In the records that follow, the lines from the one containing "Black Crumpled Paper Textures" to the one containing "Male Clothes Autumn", inclusive, are to be given again exactly.

:: Provided records ::
┄┄┄┄┄┄┄┄┄┄

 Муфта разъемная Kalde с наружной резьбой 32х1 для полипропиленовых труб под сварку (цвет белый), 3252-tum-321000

┄┄┄┄┄┄┄┄┄┄

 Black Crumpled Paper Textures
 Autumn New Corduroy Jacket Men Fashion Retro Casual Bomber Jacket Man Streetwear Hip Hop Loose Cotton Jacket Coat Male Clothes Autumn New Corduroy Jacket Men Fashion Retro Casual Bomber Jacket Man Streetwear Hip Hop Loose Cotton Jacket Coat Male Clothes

┄┄┄┄┄┄┄┄┄┄

:: Answer ::
 Black Crumpled Paper Textures
 Autumn New Corduroy Jacket Men Fashion Retro Casual Bomber Jacket Man Streetwear Hip Hop Loose Cotton Jacket Coat Male Clothes Autumn New Corduroy Jacket Men Fashion Retro Casual Bomber Jacket Man Streetwear Hip Hop Loose Cotton Jacket Coat Male Clothes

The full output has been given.